In the recent report of the United Nations (UN) Security Council Panel of Experts on Liberia the authors express a stern warning concerning the dangers posed by former combatants for the cross-border security in the Mano River belt. According to the Panel of Experts, these former combatants in Liberia “present in remote border regions… live in semi-organized autonomous groups outside of any State authority, often under the direct influence of former ‘generals’ who commanded rebel factions during the Liberian civil conflict”.[i]

I acquired the report less than a week after returning from Liberia, where I’ve spent more than ten months during the past two years investigating networks of former combatants as a part of my PhD research. The bulk of my fieldwork has been conducted in the Southeastern Grand Gedeh County, which is also the area the Panel of Experts focus on due to the recent cross-border attacks from Grand Gedeh to Ivory Coast. Because I am most familiar with this setting, and because the report obviously focuses on Grand Gedeh, I will also concentrate on the county.

Before I start it needs to be emphasized that Grand Gedeh is a somewhat extreme part of Liberia. It is marginalized in at least three different ways: politically, socially and economically. Politically the Grandgedehians feel that the government of the President Johnson-Sirleaf is against the county and its inhabitants.

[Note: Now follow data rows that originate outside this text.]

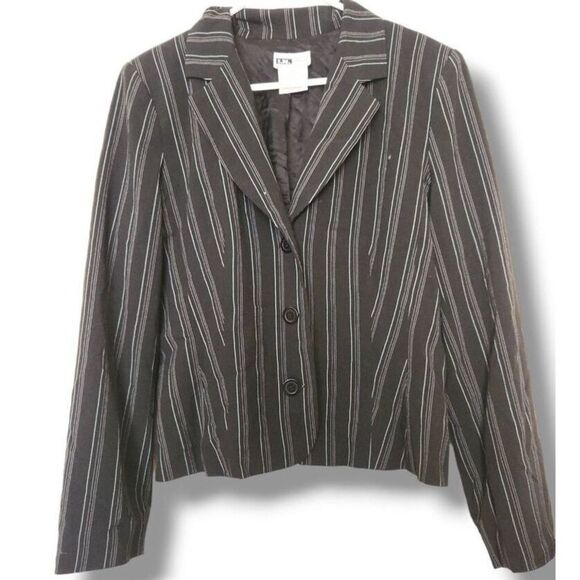 Vintage 90's In Studio Womens Black Pinstriped Button‎ Front Blazer sz 16 Preppy - Picture 2 of 4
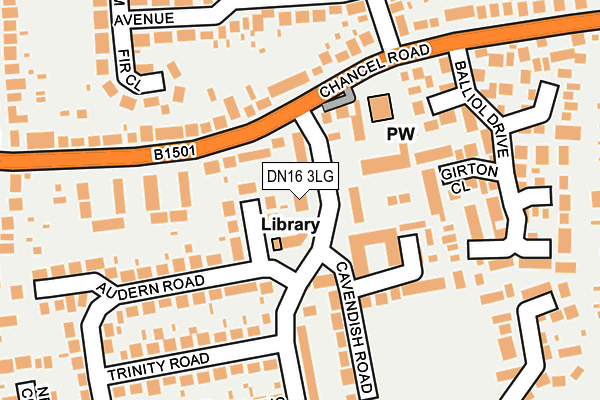 DN16 3LG map - OS OpenMap – Local (Ordnance Survey)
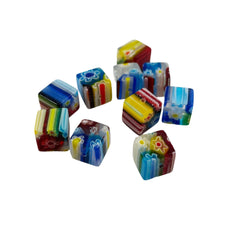 Colorful Millefiori Cube Beads Lamp Work (12)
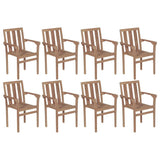Stackable Garden Chairs with Cushions 8 pcs Solid Teak Wood - Front View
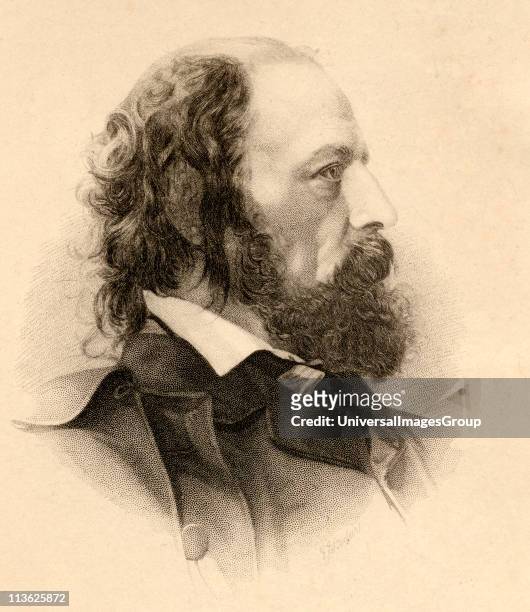 Tennyson Alfred Tennyson, 1st Baron, byname Alfred, Lord Tennyson 1809-1892, English poet laureat. Engraved by G.J.Stodart from a photograph by...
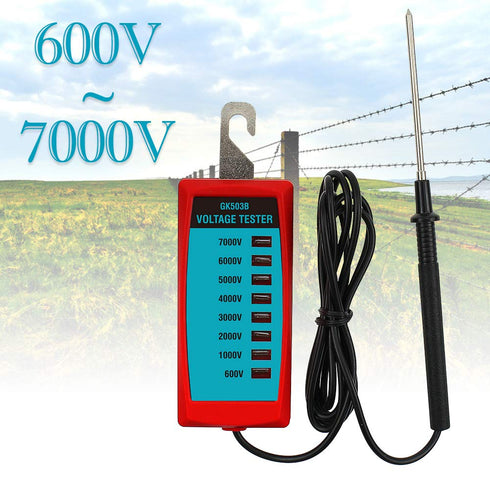 allsun Electric Fence Voltage Tester - Fault Finder Portable Testing Tool for Farming Equipment, Max 600V-7000V Neon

Socially the Grandgedehians feel ostracized and blamed for all the bad things happening in the country. Economically the southeast has few concessions or any other opportunities for formal employment. During the rainy season the roads can become impassable at times, leading to sudden hikes in gasoline and other commodity prices and stranding people from reaching or leaving the southeast. Finally, escaping “state authority” in Grand Gedeh is not very difficult, and in many areas the Liberian state is a relatively recent actor whose advance was slowed to a crawl by the civil wars. Even today, one does not need to go far away from the county capital of Zwedru to find areas where tradition trumps the government law.

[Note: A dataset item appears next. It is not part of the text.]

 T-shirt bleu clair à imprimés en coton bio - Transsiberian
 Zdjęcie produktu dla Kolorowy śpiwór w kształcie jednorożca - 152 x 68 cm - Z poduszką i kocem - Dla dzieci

Once a combatant, always a combatant? This is the question that I found myself asking when I read the Report. Having spent time with former combatants, even in “remote border regions” in Grand Gedeh and elsewhere, I did not immediately recognize the kinds of “semi-organized autonomous groups outside of any State authority” the Report describes. In many ways the whole of Grand Gedeh might be described as periphery and a “remote border region”. While I agree with the Panel of Experts that former combatants often “have few financial opportunities besides illegal mining, hunting and drug trafficking” (I would though replace drug trafficking with farming, which is certainly more common way of earning a living – even for former combatants), one could question whether the situation is much different for non-combatants living in the same area. What is often forgotten is that once the war ended the people who had been fighting the war faced most if not all the problems of other people, plus the possible physical, psychological and social wounds inflicted by the war. Especially the lack of education has proven to be a challenge for those who fought for a longer period of time. While some have returned to school after the war, many have not. Some of the former combatants thus embarked in the already difficult realities of the Liberian post-conflict with considerable disadvantages.

Then again, it is perhaps most obvious in Grand Gedeh that many former combatants are actually very much involved in State authority. Most of the leading politicians in the county, some of whom have been elected and some who were selected by the President, have links to the warring factions. While not all of them necessarily held arms, some certainly did. When one looks at the list of the candidates for the 2014 senatorial elections one can assume this trend to continue in the future as two people who led rebel movements during the civil war are expected to run for office next year. Then again, there is very little chance that any of these two have anything to do with the cross-border attacks.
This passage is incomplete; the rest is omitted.